After the test Team Sky conducted another two days later which was analysed at the Central Manchester University Hospital.
The test was good enough for Team Sky to offer Tiernan-Locke a two-year contract.
UKAD said there is no reason to question the accuracy of the Team Sky test.
But UKAD say they are only allowed to take into account tests performed under the blood passport scheme.
Tiernan-Locke said: “That sample showed that the one test in question was just an anomaly from acute dehydration amongst other things.

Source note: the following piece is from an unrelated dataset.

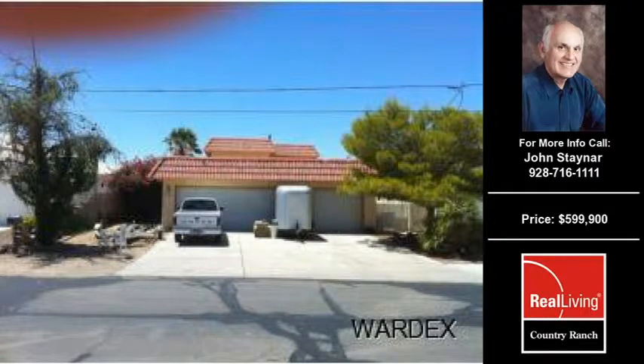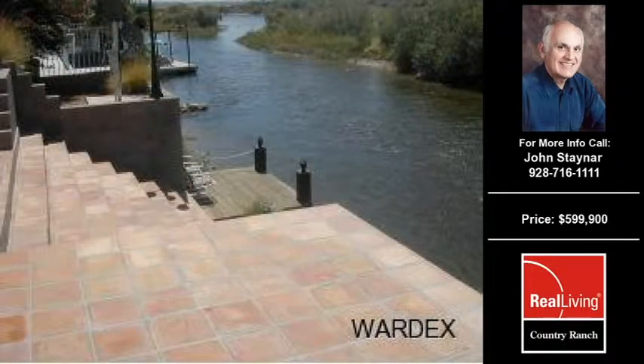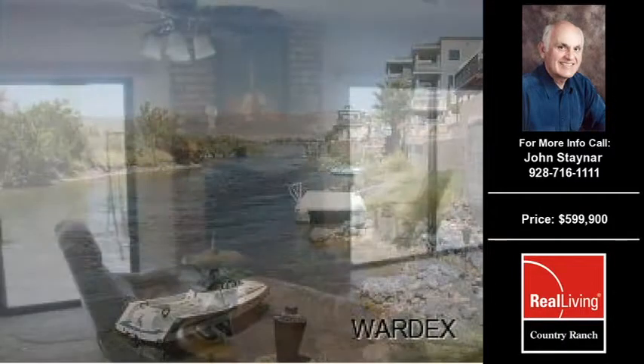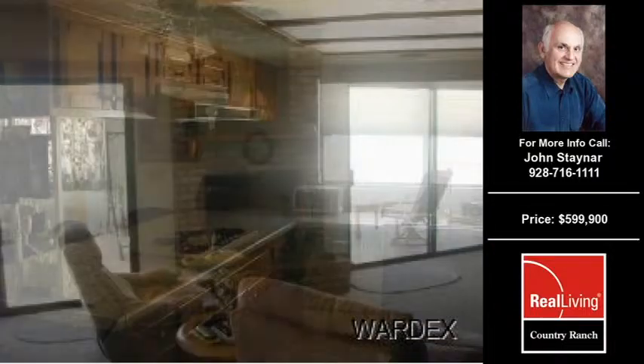Welcome to another property listing from the premier agents of Real Living Country Ranch. This three-bedroom and two full bath home was built in 1986. The home is approximately 2,252 square feet and is situated on a 0.14-acre property. For more information on this and other residential properties for sale in this area, contact the listing agent whose phone number is on the right. Thank you for viewing our real estate video and we hope you enjoy the remainder of this property tour.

And, in a doping scenario, you certainly wouldn’t have seen the values return to normal for possibly weeks, not 48 hours.”
Tiernan-Locke, 29, says he cannot take the fight to clear his name any further, because he cannot afford to.
UKAD accepted a night out in Bristol before their test could have caused the levels in the blood, but they refused to believe that he did not rehydrate, by drinking water, before he took the test.
Tiernan-Locke also revealed that he had asked the UCI why, in the wake of their 2012 test, they had not ordered immediate “target-testing” of him – to identify any anomalies and then use further tests to detect if he was breaking the rules, rather than suspend him on suspicion.
His next test was more than two months later. “The UCI had no good response, and could not explain why I was not tested in the period following the worlds,” he said.
“We argued that, if they had done that, I would likely not be in this position.”
Tiernan-Locke will not be allowed to race or train with a UCI-accredited team until January, 2016.
Trust I can now put this topic to bed and wait until January 2016 to see what team Jon will be riding with unless before that date the cycling structure sees sense and quashes the ban.